Biden seeks to embrace a humane and pragmatic view of immigration reform. The executive directives halt further construction of President Trump’s vanity wall along the U.S.-Mexico border; reinvigorate the Obama-era Deferred Action for Childhood Arrivals program that Trump sought to end; lift the entry ban on people from about a dozen countries, most with significant Muslim populations; and withdraw an order that ramped up immigration sweeps in the interior of the country.
The inauguration of Joe Biden means more than just a change in administration. It means an escape from Trump’s relentless demand for attention.
Separately, the Department of Homeland Security announced a 100-day suspension of deportations as it reviews procedures and a freeze on new enrollments in the program that requires border-crossing asylum seekers to remain in Mexico, though it did not offer relief for the 60,000 asylum seekers currently stranded along the border. In a sense, the new directives reset federal polices to those of the Obama administration, which is good enough for now.
Biden’s more ambitious efforts lie within the bill he proposed to Congress this week, the U.S. Citizenship Act of 2021. Among other things, the measure would let some 11 million people now living in the shadows apply for temporary legal status and provide them an eight-year path to citizenship. That is both the strength of the proposal and its major friction point.
A main argument against such “amnesty” is that it encourages migrants to come in without permission in the hope of staying below the radar until the next amnesty comes along. But sweeping amnesties such as what Biden proposes are rare — the last major one came in the Reagan administration — and the reality is that our immigration enforcement has been ineffective for so long that the U.S. is now home — yes, home — to millions of people without authorization.
Rousting them all, as the hard-liners advocate, would be impossible to achieve and damaging to the country. As of 2017, half of all unauthorized immigrants had lived in the U.S. for at least 15 years, according to the Pew Research Center, and their tenure has likely only increased since then. Many have American spouses, American dependents, and contribute to their communities and the economy (including owning businesses that employ Americans). There is nothing to be gained from kicking them out now. Immigration reform must reflect that reality while also ensuring that migrants who credibly pose a risk to public safety do not remain.
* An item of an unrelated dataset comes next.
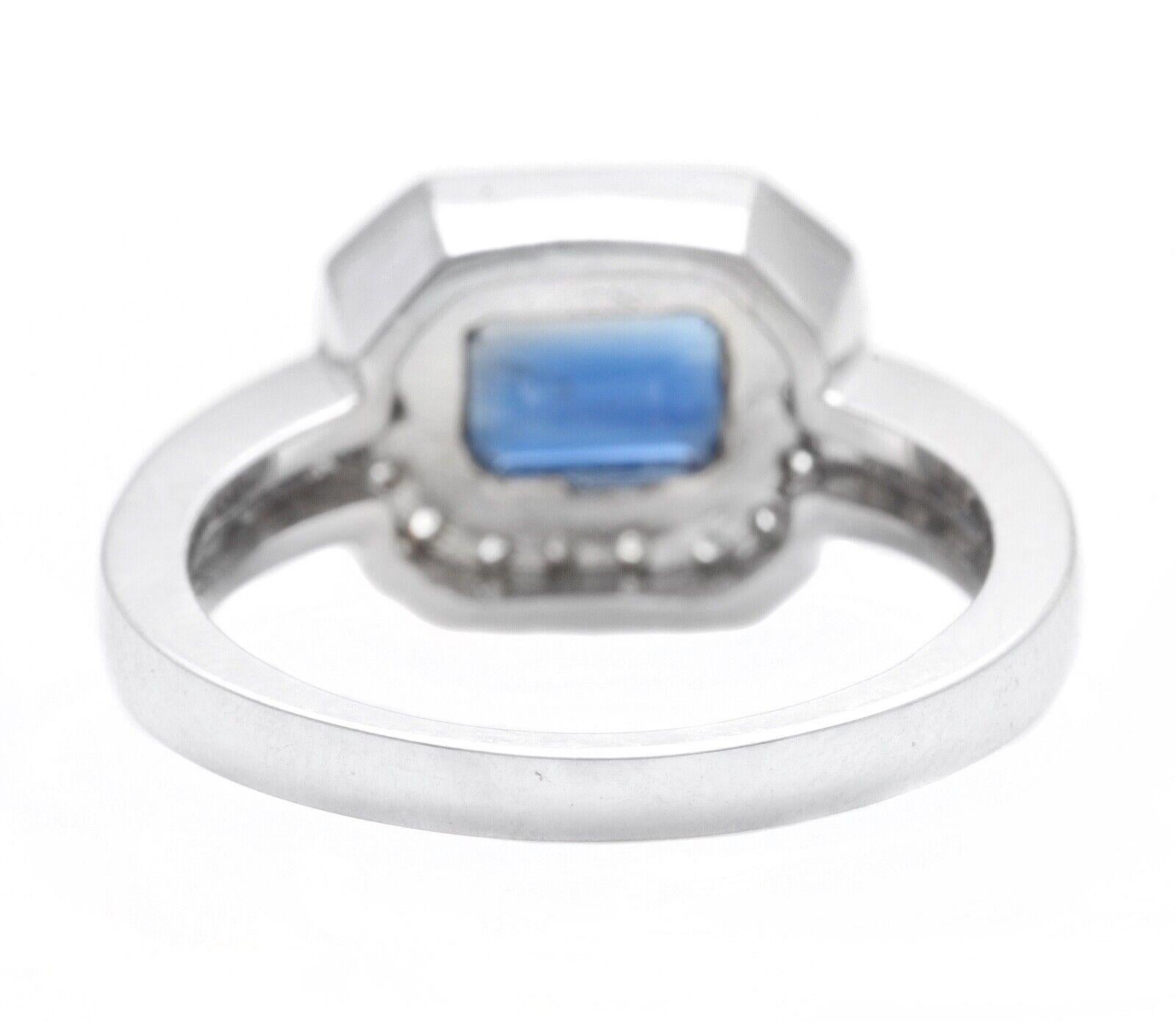 1.50 Ct Exquisite Natural Blue Sapphire and Diamond 14k Solid White Gold Ring In New Condition For Sale In Los Angeles, CA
Trump’s sweeping enforcement policies have left us with a backlog of 1.3 million cases in immigration courts, which is more than double the backlog he inherited from Obama, with the average wait time of 2.4 years for pending cases. Offering temporary legal status and a path to citizenship would radically reduce that caseload and the delay in resolving cases.
Congress has failed for years to fix our broken immigration system. Biden’s immigration proposals could give the members a chance to redeem themselves.
Biden also would use financial aid again to try to stabilize the governments and economies of Guatemala, Honduras and El Salvador, where migrants have been leaving in the tens of thousands to escape crime and grinding poverty exacerbated by the effects of climate change, including two major hurricanes this season in a matter of weeks. Reducing the “push factors” is an important part of the mix, though even Pollyanna would recognize that endemic corruption in the region is a strong headwind to success.
Other elements of Biden’s proposal call for developing better technological methods to monitor the U.S.-Mexico border, improving processing of new arrivals at ports of entry and expanding efforts to counter international trafficking in people and drugs. The plan doesn’t give as much attention to border security as conservatives typically demand, however. And based on overviews of the proposal, it appears to ignore the problem of people who arrive legally but then don’t leave once their visa expires, which accounts for half of the people who fall into unauthorized status.
One notable component missing from Biden’s proposed legislative reforms: dismantling the nation’s unnecessary, inhumane and mostly privatized system for detaining immigrants, part and parcel of a longstanding (and bipartisan) U.S. policy that some people desperately seeking asylum or the chance for a better life must be deprived of their freedom while the government considers their cases. But the vast majority of detainees pose no risk of fleeing or threatening public safety, and depriving them of their freedom because they seek protections is grotesquely unjust.
There are, of course, no quick fixes to the broken immigration system, which rivals the tax code in its complexity. The specifics of Biden’s proposed legislation will emerge and be debated in the coming weeks or months, and we fervently hope the reform effort doesn’t get caught up in the same web of resistance that has doomed previous efforts. A Democratic president proposing an immigration overhaul to a Congress in which not even the Democrats are unified means this will be a long slog. But Congress must seize the moment.
5:29 p.m. Jan. 21, 2021: This editorial was updated to clarify the nature of the nations affected by Trump’s travel ban.